I read a tweet recently asking for more non-clinical involvement in healthcare quality improvement (QI) work. That, for me – ‘a non-clinician’, is a pretty shocking indictment of where the QI ‘movement’ seems to have gotten to. To a point where some perceive that QI can be seen as being for clinical staff, rather than for all. It made me stop and think, what? Why is that? How did that happen? Why is it seen as elitist and exclusive?

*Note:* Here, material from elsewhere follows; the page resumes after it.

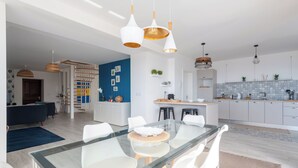 A modern kitchen with white cabinets, a blue backsplash, and a dining area with a glass table and white chairs.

But then, I remembered reading an article by Prof. John Ovretveit who, way back in 1997, described the ‘battleground’ for power and change in healthcare, between clinicians and ‘non-clinicians’. In that article, Ovretveit argued how there seems to be a perpetual power battle over what constitutes quality, and thus what constitutes improvement. When in many ways, both ‘quality’ and ‘improvement’ are ambiguous concepts and can be conceptualised in multiple and diverse ways. When viewed like this ‘QI’ can be argued to be a form of value judgements from those with power seeking to make things better (for themselves or others they deem as worthy). And what ‘better’ is, is likely to be determined by those with the power. Perhaps, if I reflect on the tweet, rather like the view it contained, ‘QI is for clinical staff’ rather than other staff, or indeed patient, groups.
This reflection makes me think about why there is so many different forms of improvement in use in health and care, some of which seem to be perceived as for some groups more than others. Are they some kind of gesture or response within this battleground for power? I wonder if thinking about improvement though this perspective might help to explain the many and varied versions and brands of improvement, that may or may not be accessible to different groups.

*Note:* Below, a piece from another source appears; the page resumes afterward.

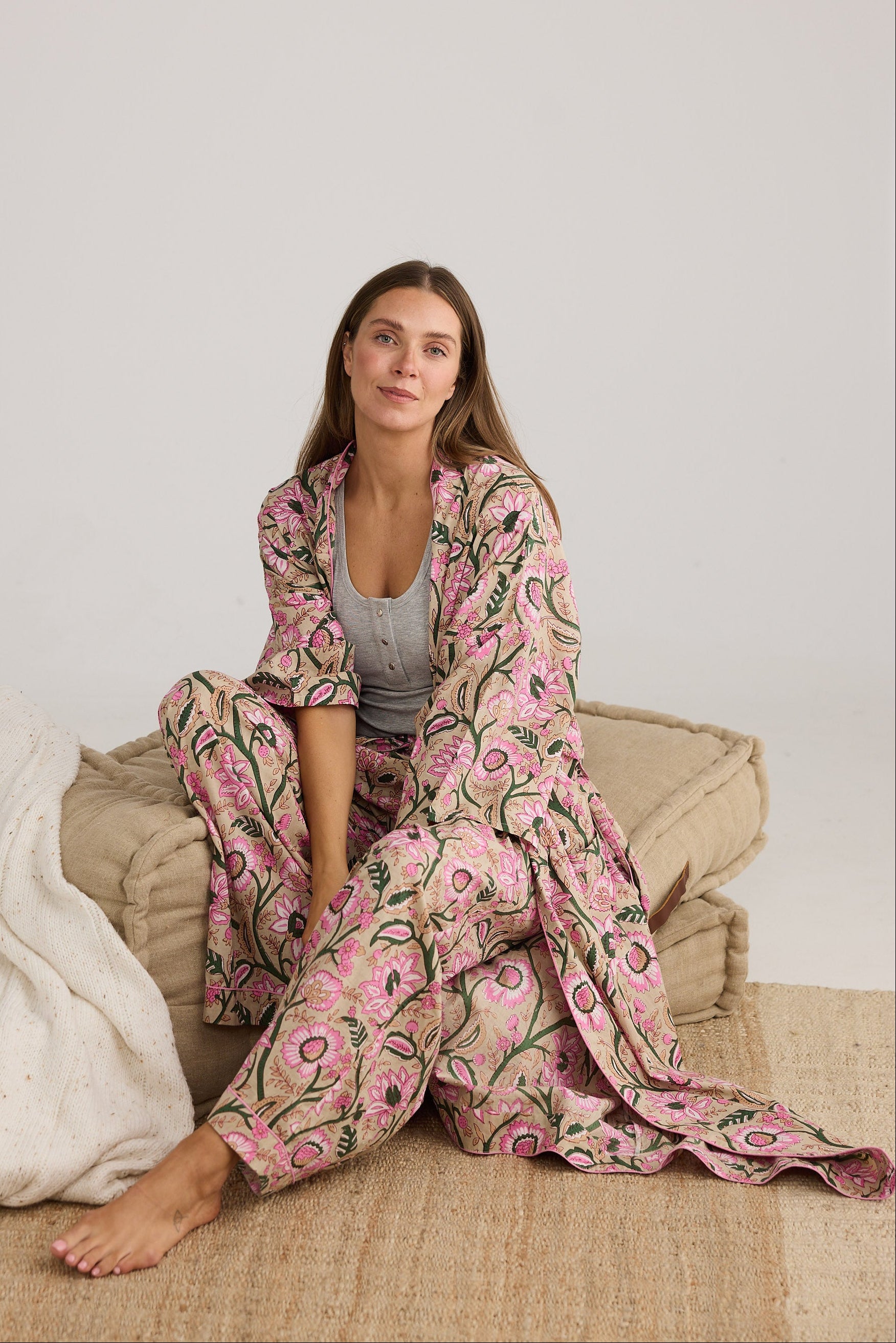 Woman wearing a pink floral pajama set sitting on a beige couch.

When I say ‘improvement brands’ what I mean is the many different ‘ways’ and improvement approaches that are often touted. Such as: TQM (total quality management), BPR (business process reengineering), continuous improvement, service improvement, operational improvement, training within industry, IHI-QI (using mostly the Model for Improvement), Kaizen, lean, six sigma, theory of constraints, agile, lean six sigma, Toyota Production System, Toyota kata, Deming theory of profound knowledge, complexity theory, Microsystems coaching, clinical systems engineering, patient experience based design, organisational development/human led methods, statistical process control, audit, guidelines and standards and design thinking. Not to mention the consultancy/bespoke offerings that repackage these, such as listening into action, QSIR, the Virginia Mason lean approach, the Intermountain approach, productive ward, flow coaching, 15s30m, and so on, and on, and on. [11 lines just to list those, and still stuff will be missing]. All different improvement ‘brands’ arguably vying for ‘audience’ attention and reputation [at least by someone], and widespread application to generate the oxygen of case studies, and perhaps funding and resources, and maybe even fame and fortune and growing legitimacy, and with that perhaps also power.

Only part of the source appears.